3. HMI sebagai Ruang Pembentukan Nilai
Dalam menjalankan peran itu, mahasiswa membutuhkan wadah yang dapat membentuk karakter, memperdalam nilai, serta melatih keberanian. Himpunan Mahasiswa Islam (HMI) hadir sebagai ruang pembelajaran tersebut. Sejak berdirinya, HMI menekankan keseimbangan antara iman, ilmu, dan amal sebagai fondasi perjuangan. Ia bukan sekadar organisasi, melainkan kawah candradimuka tempat mahasiswa ditempa menjadi insan akademis yang kritis, berintegritas, dan berpihak pada masyarakat. Dari forum perkaderan hingga diskusi publik, HMI membuktikan dirinya sebagai ruang yang melahirkan intelektual organik yang berakar di tengah rakyat.
4. Mahasiswa sebagai Penjaga Ruang Publik
Suara mahasiswa tidak hanya relevan di ruang kuliah, tetapi juga di ruang publik yang lebih luas.
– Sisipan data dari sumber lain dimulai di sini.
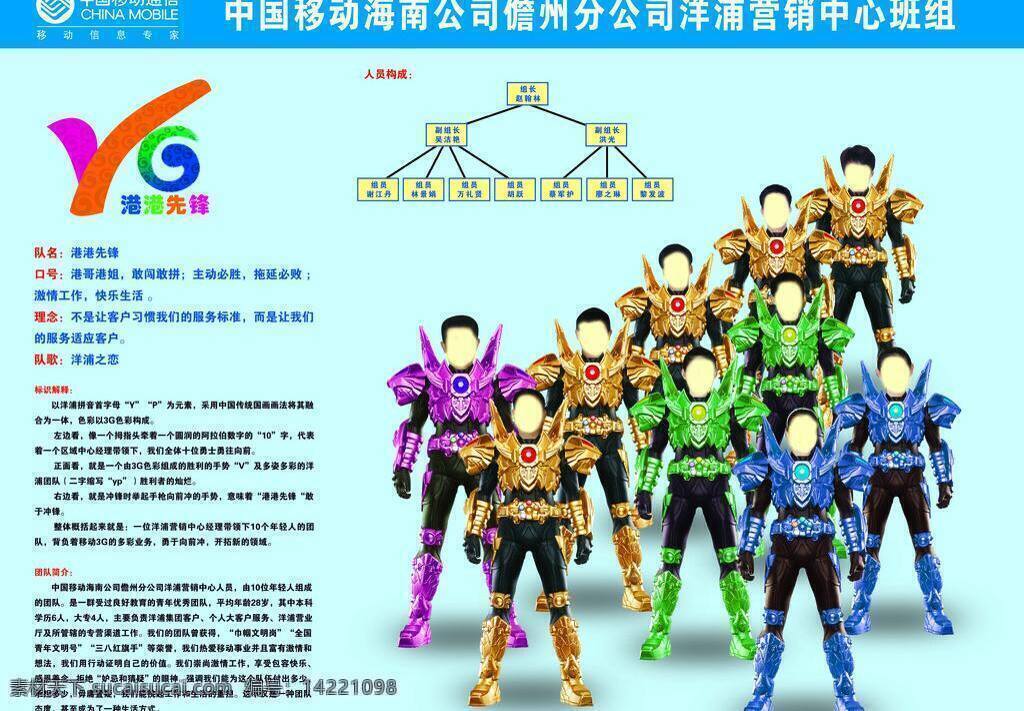 广告设计模板 国内广告设计 海报模板下载 海报素材下载 浅蓝背景 人 源文件 移动 营销 中心组 海报 标志介绍 团队简介 企业文化海报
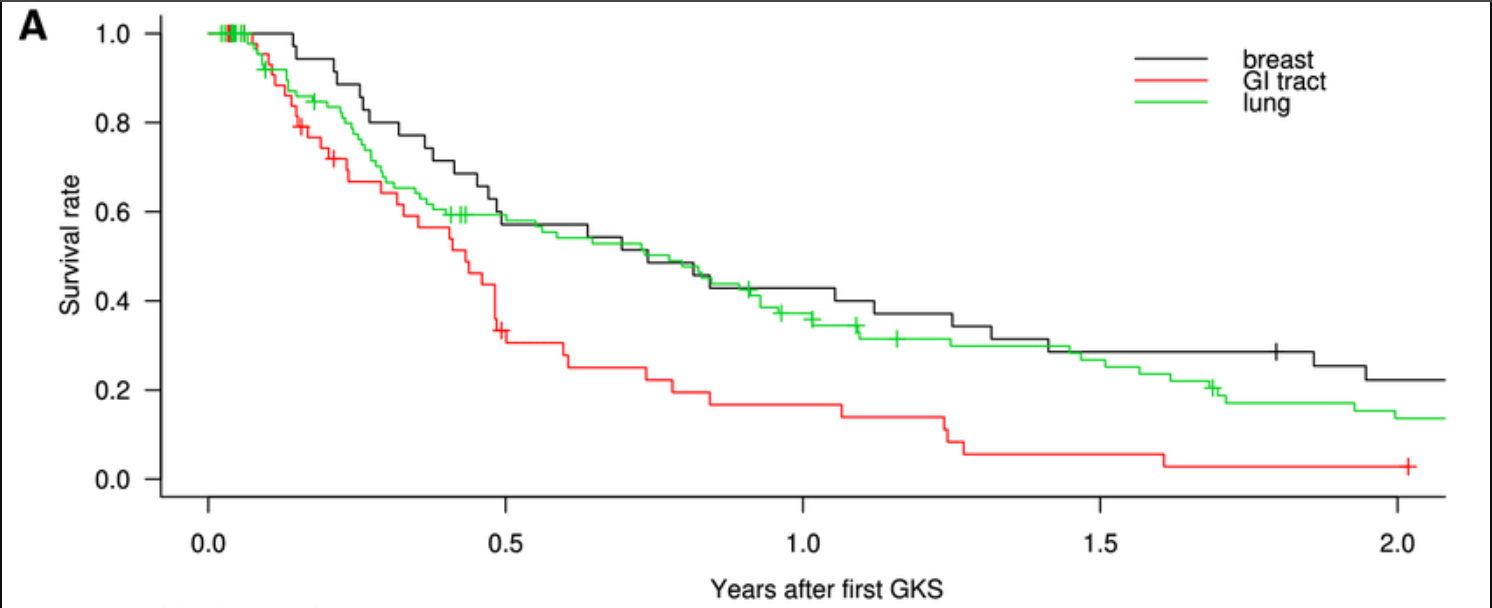 An image of Kaplan-Meier curves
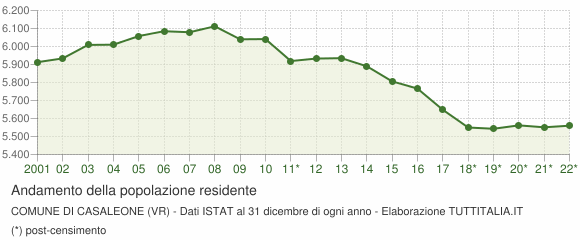 Andamento popolazione Comune di Casaleone (VR)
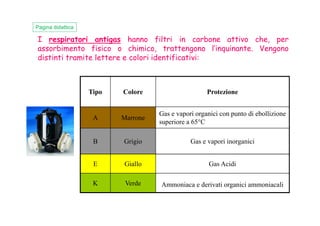 I respiratori antigas hanno filtri in carbone attivo che, per
assorbimento fisico o chimico, trattengono l’inquinante. Vengono
distinti tramite lettere e colori identificativi:
Tipo Colore Protezione
Gas e vapori organici con punto di ebollizione
Pagina didattica
A Marrone
Gas e vapori organici con punto di ebollizione
superiore a 65°C
B Grigio Gas e vapori inorganici
E Giallo Gas Acidi
K Verde Ammoniaca e derivati organici ammoniacali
Media, seminar, forum diskusi, hingga aksi sosial adalah kanal tempat mahasiswa mengartikulasikan kritik. Ketika isu lingkungan diabaikan, kesenjangan sosial melebar, atau kebijakan publik timpang, suara mahasiswa berfungsi sebagai alarm moral. Advokasi dalam bentuk tulisan, dialog publik, maupun aksi nyata adalah konsekuensi logis dari identitas mahasiswa itu sendiri.